A Better Structlog Processor for Python for CloudWatch Logs Using AWS Lambda

I was introduced to structured logs at work, and this ol' hacker thinks that is a darn good idea. For a new program I'm writing, I wanted to put that into use. The program uses AWS Lambdas, and the log entries for the Lambdas end up in CloudWatch Logs. Unfortunately, in its default configuration, the output is less than useful:

Screencapture of Amazon Web Services Cloud Watch Logs demonstrating that the collapsed detail line does not include useful information. — Default configuration structured logs

AWS has configured the default Python logger in the Lambdas to automatically put the timestamp and the HTTP API request ID from the context in the display when the log line is collapsed. When you expand the log line, you can see the additional detail in structured JSON. That timestamp is duplicated in the column to the left, and the UUID is really not useful in this context. What I'd rather see is the event that caused the line to be logged and any corresponding error message.

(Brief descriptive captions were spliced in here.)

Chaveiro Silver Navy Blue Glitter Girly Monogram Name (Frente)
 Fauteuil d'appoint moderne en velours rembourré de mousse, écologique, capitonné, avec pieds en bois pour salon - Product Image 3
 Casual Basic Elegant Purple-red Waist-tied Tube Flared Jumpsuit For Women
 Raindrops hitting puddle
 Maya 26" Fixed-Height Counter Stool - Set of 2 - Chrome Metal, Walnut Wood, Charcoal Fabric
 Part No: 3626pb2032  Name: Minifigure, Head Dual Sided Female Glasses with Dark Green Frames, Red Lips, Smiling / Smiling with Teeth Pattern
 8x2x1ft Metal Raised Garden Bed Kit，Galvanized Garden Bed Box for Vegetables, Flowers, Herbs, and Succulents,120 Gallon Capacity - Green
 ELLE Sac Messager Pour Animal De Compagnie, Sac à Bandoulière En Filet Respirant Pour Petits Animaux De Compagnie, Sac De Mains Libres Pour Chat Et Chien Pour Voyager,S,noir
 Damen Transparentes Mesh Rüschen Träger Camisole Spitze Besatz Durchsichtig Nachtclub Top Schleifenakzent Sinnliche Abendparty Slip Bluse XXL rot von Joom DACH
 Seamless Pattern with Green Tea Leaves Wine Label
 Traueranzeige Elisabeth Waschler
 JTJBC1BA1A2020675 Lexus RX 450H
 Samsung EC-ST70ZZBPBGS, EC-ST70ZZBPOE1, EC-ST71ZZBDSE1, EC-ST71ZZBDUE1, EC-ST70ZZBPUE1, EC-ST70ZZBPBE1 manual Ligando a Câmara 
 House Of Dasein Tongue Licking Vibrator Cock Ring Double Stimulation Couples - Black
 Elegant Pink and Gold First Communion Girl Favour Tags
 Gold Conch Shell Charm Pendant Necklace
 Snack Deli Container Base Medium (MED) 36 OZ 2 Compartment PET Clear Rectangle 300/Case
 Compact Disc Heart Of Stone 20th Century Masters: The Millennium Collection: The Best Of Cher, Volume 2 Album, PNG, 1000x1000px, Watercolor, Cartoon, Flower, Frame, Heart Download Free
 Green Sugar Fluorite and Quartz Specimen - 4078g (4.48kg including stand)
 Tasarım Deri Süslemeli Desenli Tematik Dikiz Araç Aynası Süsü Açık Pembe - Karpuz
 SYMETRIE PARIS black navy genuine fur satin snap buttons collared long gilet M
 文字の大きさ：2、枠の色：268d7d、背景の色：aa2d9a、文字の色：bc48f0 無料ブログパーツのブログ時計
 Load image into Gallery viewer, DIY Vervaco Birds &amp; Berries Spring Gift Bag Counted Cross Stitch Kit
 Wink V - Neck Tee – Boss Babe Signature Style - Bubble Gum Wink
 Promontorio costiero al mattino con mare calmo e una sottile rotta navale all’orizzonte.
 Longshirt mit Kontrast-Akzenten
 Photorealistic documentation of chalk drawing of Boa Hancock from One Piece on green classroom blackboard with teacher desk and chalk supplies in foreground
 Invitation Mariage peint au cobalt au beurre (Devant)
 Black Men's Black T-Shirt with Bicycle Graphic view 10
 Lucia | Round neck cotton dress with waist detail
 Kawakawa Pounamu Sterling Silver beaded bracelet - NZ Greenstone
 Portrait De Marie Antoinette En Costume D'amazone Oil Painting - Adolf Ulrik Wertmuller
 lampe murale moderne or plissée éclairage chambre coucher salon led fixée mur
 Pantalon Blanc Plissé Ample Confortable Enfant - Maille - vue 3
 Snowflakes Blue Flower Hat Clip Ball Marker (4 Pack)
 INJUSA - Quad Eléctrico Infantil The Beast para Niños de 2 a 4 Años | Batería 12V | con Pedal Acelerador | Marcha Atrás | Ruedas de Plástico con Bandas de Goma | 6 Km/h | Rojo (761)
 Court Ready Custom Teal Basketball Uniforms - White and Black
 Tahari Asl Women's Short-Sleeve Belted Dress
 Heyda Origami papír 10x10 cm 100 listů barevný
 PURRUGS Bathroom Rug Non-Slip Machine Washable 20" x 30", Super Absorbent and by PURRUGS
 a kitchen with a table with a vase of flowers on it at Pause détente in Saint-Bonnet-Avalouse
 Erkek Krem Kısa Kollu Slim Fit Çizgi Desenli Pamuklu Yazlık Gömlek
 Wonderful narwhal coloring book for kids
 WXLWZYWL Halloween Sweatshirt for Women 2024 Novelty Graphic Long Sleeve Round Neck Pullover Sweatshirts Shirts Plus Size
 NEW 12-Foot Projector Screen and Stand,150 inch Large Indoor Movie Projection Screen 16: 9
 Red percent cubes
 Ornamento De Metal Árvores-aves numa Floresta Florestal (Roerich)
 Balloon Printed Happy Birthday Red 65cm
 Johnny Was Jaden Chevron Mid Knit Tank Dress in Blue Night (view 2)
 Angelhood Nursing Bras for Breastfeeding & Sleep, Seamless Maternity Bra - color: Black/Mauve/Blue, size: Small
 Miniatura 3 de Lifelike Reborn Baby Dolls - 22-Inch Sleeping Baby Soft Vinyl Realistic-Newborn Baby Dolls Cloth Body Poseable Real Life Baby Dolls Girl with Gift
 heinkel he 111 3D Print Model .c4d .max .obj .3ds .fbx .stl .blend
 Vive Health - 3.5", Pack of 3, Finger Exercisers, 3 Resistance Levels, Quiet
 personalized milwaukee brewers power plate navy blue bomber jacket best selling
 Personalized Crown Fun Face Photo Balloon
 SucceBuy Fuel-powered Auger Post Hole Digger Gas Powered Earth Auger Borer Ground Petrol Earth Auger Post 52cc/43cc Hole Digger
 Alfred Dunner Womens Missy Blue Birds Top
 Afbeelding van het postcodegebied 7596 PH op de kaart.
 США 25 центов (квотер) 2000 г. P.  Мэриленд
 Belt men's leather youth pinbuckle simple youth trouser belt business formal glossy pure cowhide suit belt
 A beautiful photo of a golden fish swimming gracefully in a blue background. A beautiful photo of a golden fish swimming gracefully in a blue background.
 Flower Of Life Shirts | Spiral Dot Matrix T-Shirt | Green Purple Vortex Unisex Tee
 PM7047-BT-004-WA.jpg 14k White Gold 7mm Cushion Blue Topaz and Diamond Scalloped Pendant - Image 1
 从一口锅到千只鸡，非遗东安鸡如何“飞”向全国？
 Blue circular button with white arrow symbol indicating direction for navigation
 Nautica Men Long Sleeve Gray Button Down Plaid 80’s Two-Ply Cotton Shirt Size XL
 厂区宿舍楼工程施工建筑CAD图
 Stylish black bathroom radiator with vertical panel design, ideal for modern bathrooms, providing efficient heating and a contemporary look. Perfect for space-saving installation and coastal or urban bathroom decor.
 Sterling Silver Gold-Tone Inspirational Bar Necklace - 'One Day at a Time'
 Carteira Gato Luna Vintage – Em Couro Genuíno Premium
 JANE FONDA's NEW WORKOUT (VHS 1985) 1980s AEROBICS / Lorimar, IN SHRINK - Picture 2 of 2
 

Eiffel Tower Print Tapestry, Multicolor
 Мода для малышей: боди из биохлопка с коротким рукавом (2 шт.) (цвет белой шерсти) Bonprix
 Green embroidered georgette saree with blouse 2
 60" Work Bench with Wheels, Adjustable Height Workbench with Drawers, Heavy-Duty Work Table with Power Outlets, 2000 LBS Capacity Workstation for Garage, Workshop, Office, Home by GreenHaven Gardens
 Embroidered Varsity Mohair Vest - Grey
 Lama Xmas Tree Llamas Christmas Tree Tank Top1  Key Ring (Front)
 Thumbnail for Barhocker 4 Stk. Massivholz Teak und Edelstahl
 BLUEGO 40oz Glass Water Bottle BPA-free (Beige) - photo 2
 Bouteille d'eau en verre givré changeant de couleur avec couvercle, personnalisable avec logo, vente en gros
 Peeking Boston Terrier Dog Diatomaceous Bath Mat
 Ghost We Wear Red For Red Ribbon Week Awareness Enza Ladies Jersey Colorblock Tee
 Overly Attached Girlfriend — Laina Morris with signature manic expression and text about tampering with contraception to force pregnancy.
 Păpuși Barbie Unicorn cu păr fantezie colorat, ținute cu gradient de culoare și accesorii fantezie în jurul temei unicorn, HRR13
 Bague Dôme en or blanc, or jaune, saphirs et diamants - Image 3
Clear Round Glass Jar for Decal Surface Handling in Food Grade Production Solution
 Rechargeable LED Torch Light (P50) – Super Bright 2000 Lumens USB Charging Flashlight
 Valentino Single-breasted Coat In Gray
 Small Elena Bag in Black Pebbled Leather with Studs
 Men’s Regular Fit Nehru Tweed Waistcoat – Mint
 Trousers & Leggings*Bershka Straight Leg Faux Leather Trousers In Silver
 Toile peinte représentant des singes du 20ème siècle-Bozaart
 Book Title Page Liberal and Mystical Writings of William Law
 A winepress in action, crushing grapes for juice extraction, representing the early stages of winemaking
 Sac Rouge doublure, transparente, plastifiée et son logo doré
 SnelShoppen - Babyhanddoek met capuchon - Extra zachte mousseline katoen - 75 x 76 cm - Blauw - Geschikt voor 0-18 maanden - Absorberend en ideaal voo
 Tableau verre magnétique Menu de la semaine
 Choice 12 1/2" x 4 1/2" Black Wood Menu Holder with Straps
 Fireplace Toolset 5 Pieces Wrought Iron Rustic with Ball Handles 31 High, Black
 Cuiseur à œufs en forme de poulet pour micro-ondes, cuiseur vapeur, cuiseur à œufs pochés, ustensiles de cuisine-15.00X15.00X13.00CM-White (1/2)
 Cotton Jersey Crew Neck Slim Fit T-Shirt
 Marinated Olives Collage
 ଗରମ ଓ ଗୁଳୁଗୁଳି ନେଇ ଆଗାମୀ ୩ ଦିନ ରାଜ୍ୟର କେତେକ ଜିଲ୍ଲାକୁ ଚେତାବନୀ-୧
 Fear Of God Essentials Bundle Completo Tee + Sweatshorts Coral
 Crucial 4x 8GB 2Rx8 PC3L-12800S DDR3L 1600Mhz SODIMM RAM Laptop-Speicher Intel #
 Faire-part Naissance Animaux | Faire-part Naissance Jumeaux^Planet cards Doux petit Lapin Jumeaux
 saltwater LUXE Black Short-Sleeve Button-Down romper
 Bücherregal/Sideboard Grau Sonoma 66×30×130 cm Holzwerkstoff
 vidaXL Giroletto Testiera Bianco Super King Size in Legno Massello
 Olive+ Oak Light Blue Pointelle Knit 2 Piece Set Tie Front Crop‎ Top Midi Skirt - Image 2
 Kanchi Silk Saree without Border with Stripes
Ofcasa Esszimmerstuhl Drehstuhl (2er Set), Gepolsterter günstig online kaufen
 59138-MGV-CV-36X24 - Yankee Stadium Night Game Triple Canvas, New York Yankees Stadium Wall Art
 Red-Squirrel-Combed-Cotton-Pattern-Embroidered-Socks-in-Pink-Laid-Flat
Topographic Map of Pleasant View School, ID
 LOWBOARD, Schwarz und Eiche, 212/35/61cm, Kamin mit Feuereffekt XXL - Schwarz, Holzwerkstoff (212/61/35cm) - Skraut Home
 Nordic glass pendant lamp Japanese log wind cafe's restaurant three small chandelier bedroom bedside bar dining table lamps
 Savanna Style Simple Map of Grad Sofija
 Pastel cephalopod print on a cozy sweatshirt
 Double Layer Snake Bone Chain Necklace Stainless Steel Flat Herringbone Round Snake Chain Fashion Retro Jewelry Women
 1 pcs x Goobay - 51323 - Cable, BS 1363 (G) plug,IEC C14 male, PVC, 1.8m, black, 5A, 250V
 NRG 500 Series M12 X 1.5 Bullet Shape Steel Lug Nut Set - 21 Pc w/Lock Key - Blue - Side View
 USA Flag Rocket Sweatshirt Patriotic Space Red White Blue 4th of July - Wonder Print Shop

Screencapture of Amazon Web Services Cloud Watch Logs demonstrating that the collapsed detail line now includes the event and error message. — Enhanced configuration structured logs

It took some trial and error to make this happen. This post describes that process in case I or anyone else needs this in the future.

The Usefulness of Structured Logs

I believe the widespread use of format strings in logging is based on two presumptions:

The first level consumer of a log message is a human.

The programmer knows what information is needed to debug an issue.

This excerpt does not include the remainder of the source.